Without kids or work or piles of tasks that need doing, I use my runs as a time to break up the tension and welcome in the light of being alive. I didn’t realise the importance of this practice until I had such a long stent of being unable to run. In the midst of the messy wilds of this wonderful life I’ve conjured, I know I should profess great gratitude. And I do this when I run. Sometimes I just breathe out thank-yous and name my wealth of blessings into the wind. It feels as if I am heard and even engaged with as the surf reaches for my passing feet or the leaves wave in agreement. There is a deep debt of thank-yous I owe in this world. Running is when I really let myself feel that. I had forgotten that was part of the running magic. It’s so good to be back.
I can see now that this running vocalisation is also quite important to my progression as a person. It’s not just appreciation and acknowledgement that I voice. I speak aloud on a lot of things that aren’t for a human audience: my exhaustion with the scramble, my wishes for my children, my pleas for assistance and strength, my anger, my creative buddings, questions, lots of whys, and even my biggest, boldest, stark-raving-maddest dreams- like taking a gap year around the world with my family.
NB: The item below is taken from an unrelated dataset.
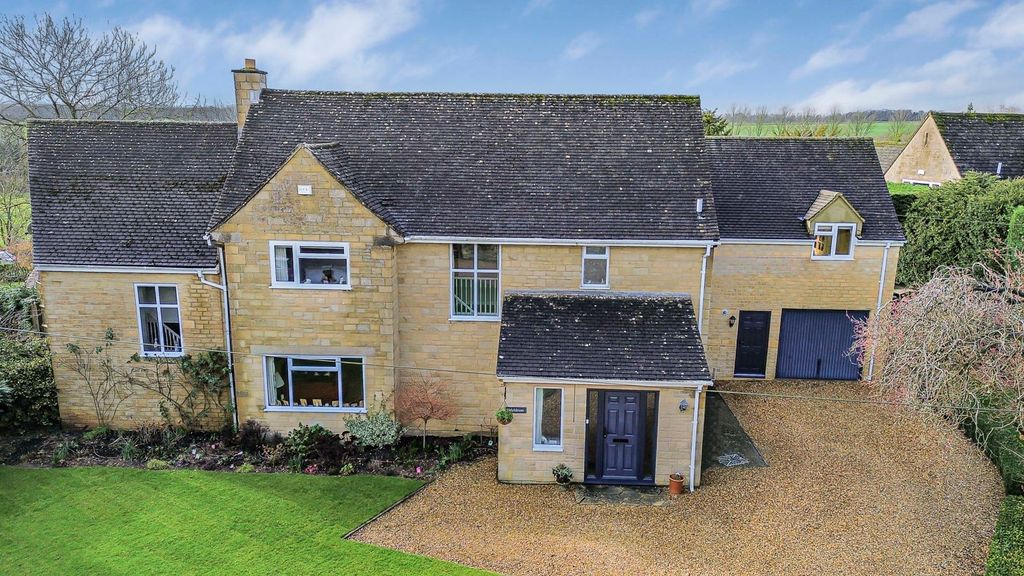 Additional image 30 of 5 bed detached house for saleBaunton Lane, Cirencester, Gloucestershire GL7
In fact, before my partner and I had even conceptualised this endeavour beyond vague wishes over wine glasses, it was the sea of Seven Mile Beach who heard the notion of this trip uttered aloud for the first time. The ocean is a good confidant. Feels like she can absorb a lot. One day, aching with the struggles of my children and not really understanding what I wished for, I said something like, “Please help me take my boys around the world.” I remember this moment. I hadn’t thought the thought. The words had conjured themselves. And when I said it, I was aware that a genius spark had been struck. With gusto, I broadcast the plea again, sending the wish consciously into the far-reaching sea. Without any notion of the manner by which I could achieve such a thing, I called out a dream into the ether. (It’s okay to do this. We’ve just been told it’s silly.) Then, I jogged on and got in my car and drove off into my life, diving headfirst into the endeavour of getting as much done as possible before school pick-up, disappearing wholly into the crush of another race around the sun. I drove off and left my dream suspended in the misty breeze above the Pacific, forgetting all about it. I realise it might sound odd to ask for such a thing- a journey around the world. But it’s not so peculiar once you’ve heard the origin story. You see, the sea and I have a history.
As a university student, I did my semester abroad in a unique way. I couldn’t decide what country I wanted to study in for a semester, so I decided to order the whole menu, and, with all my privileged flags flying, my parents signed me up for a program called Semester at Sea. This was a cruise ship turned seafaring university, which carried about 300 mostly American college students around the world in 90 days. The main lounge and dance floor of the ship were converted into a student union, and the circulation desk of the library was formerly a bar. I took 12 credit units for the semester, classes like Literature of the Sea, World Religions, and the like. Our professors brought their families aboard for the voyage, and we circumnavigated the globe together, taking classes between our ten ports-of-call. During our four-to-five-day stops in these exotic lands, we would do “excursions” as part of our learning. I was “world-schooling.” Don’t laugh, but I just realised this now.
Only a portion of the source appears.